To Build, Or To Buy? A Modern Product Manager’s Perspective On A Classic Problem

Published Feb 9, 2021

Engineering time is one of your company’s most valuable resources—and as a product manager, it’s on you to use it wisely. Chances are you’re already well versed in the classic build vs. buy dilemma, relying on quantifiable insights about your customers, product, and team to decide when to invest those precious engineering resources in a given project and when to buy and integrate a vendor solution instead. But the market for third-party software components and developer tools is now evolving so quickly that new challenges and nuances must be considered in the build vs. buy decision process. 

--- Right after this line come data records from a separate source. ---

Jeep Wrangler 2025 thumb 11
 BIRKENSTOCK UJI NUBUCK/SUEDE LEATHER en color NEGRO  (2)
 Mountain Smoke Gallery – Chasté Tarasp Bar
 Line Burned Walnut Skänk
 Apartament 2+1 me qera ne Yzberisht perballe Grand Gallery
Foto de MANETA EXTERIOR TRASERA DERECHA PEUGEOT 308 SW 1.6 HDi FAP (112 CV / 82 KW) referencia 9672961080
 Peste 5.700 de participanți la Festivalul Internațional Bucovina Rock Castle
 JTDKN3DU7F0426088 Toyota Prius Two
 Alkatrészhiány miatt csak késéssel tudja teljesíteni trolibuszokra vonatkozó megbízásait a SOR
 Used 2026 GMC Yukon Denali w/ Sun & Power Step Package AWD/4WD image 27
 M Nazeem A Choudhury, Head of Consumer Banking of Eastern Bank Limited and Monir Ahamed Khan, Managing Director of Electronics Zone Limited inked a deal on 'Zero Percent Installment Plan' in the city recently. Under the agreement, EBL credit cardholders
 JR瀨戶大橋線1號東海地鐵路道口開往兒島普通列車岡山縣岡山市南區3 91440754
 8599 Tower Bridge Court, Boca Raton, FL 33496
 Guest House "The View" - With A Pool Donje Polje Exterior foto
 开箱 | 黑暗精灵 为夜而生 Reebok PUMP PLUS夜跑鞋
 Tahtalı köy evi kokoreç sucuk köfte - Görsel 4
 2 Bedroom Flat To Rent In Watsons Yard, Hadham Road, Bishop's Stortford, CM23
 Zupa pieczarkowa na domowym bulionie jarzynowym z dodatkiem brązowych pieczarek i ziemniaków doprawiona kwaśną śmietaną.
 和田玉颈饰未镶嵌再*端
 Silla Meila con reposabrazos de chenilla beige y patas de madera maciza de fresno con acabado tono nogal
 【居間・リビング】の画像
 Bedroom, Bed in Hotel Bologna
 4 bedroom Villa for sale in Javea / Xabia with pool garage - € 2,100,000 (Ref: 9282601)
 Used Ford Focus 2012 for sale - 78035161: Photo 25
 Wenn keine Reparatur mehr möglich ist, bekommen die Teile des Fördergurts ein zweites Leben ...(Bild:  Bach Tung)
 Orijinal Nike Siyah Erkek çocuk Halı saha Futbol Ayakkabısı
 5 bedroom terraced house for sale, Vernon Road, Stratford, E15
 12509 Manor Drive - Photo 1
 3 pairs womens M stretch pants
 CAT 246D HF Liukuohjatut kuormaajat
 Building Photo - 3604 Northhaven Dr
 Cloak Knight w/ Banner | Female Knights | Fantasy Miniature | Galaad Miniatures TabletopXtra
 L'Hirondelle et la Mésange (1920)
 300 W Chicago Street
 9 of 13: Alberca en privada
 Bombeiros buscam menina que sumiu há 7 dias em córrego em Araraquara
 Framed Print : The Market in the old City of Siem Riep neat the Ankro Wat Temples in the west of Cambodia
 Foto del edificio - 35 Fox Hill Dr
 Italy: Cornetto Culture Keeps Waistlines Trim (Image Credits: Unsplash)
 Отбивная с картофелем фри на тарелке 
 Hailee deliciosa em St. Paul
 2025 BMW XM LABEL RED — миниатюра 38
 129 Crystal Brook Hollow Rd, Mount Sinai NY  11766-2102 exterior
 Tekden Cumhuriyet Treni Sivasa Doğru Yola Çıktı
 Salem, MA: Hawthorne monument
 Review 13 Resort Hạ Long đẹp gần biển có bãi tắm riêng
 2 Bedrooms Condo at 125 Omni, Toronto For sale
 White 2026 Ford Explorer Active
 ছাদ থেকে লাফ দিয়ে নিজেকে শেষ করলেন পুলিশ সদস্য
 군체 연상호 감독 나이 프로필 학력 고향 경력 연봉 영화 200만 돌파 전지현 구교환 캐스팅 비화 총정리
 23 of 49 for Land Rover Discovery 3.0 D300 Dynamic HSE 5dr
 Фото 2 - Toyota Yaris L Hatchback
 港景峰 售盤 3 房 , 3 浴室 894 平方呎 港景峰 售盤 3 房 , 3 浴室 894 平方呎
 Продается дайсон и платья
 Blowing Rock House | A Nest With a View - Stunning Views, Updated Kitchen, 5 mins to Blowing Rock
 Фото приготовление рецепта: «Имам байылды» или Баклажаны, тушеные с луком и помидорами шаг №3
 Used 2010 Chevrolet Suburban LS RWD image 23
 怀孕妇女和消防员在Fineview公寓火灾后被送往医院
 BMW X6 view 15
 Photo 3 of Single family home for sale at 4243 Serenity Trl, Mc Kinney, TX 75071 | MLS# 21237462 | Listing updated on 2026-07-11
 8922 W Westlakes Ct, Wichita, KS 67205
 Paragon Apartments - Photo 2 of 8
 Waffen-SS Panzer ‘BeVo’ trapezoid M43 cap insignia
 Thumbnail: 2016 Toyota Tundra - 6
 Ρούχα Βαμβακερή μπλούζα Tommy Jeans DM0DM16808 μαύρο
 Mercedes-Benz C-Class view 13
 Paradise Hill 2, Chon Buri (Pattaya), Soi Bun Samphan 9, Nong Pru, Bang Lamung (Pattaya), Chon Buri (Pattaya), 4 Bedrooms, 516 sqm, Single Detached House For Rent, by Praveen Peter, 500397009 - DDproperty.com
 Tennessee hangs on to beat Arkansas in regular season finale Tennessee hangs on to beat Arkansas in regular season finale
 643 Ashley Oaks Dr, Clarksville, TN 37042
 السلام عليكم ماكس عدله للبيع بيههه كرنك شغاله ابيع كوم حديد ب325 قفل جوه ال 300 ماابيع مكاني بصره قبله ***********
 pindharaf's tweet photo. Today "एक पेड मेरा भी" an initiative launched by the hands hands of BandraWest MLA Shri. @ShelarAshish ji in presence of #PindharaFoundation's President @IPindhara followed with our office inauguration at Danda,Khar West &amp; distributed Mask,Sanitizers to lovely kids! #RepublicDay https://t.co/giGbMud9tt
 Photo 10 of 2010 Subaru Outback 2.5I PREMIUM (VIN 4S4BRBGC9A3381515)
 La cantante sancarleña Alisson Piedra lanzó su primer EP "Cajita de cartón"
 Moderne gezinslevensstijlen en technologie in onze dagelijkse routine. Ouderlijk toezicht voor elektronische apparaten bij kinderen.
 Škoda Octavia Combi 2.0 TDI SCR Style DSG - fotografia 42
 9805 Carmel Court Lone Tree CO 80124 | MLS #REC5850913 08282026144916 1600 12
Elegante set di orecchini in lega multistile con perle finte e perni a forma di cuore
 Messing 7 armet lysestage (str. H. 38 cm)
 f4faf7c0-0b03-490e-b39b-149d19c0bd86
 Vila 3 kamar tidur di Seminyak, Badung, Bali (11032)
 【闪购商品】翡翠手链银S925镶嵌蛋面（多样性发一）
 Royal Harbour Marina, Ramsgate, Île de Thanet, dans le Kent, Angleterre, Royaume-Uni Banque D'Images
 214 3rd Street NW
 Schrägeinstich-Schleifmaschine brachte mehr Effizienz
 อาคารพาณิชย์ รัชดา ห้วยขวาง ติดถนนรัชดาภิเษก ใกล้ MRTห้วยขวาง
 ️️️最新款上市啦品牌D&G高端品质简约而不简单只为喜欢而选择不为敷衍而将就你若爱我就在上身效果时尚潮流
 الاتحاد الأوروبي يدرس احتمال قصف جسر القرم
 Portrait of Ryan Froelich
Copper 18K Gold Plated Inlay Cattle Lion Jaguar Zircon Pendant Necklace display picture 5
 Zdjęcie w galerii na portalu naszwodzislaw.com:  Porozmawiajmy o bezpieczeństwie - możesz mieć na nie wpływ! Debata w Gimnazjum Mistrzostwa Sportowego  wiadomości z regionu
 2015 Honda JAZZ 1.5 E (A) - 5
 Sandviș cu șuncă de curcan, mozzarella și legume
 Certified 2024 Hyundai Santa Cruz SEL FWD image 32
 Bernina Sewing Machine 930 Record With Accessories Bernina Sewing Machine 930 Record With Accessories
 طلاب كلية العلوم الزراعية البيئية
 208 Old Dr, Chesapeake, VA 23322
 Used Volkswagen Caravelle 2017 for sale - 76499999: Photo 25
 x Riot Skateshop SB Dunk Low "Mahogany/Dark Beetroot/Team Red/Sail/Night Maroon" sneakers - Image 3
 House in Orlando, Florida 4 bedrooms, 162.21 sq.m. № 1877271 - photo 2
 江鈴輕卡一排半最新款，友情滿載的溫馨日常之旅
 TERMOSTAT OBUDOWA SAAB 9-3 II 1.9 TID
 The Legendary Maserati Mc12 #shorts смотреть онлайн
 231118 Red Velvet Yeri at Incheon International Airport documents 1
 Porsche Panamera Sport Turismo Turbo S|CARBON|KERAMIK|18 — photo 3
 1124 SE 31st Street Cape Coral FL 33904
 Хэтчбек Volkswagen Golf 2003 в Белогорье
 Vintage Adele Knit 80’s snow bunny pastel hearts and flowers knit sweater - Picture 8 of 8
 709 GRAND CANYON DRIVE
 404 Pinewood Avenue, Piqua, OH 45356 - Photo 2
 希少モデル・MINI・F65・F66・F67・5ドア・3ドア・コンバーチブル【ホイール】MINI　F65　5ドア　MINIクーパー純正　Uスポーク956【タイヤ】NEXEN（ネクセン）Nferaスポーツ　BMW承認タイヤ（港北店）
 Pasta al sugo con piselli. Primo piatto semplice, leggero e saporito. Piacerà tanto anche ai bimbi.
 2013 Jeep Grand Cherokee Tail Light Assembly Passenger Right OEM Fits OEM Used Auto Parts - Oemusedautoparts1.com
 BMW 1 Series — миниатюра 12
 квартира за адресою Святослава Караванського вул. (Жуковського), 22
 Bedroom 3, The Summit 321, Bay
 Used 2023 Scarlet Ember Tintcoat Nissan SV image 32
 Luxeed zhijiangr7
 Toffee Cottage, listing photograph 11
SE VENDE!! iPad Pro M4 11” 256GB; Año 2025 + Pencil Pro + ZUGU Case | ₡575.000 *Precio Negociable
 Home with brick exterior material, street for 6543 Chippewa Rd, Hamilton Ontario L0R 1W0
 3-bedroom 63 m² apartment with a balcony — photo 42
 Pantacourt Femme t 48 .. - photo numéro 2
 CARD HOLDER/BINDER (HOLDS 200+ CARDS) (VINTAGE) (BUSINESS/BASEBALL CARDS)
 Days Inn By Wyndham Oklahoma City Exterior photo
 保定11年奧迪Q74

Reliable, cost-effective vendor solutions exist for a wider variety of functions than ever before, so it’s becoming the norm to buy most functionality outside of your organization’s core competencies. A telemedicine app provider is unlikely to sink resources into developing its own video calling and chat messaging technologies, for example, because the app’s value comes more from optimizing how these and other services are combined and delivered than from reinventing each component. And now, even features that you would’ve expected to build in-house five years ago can be integrated at a fraction of the cost. 

Here’s how today’s sharpest PMs are thinking about the classic build vs. buy dilemma, why they’re choosing vendor solutions more often than ever, and which red flags they’re watching out for with both options.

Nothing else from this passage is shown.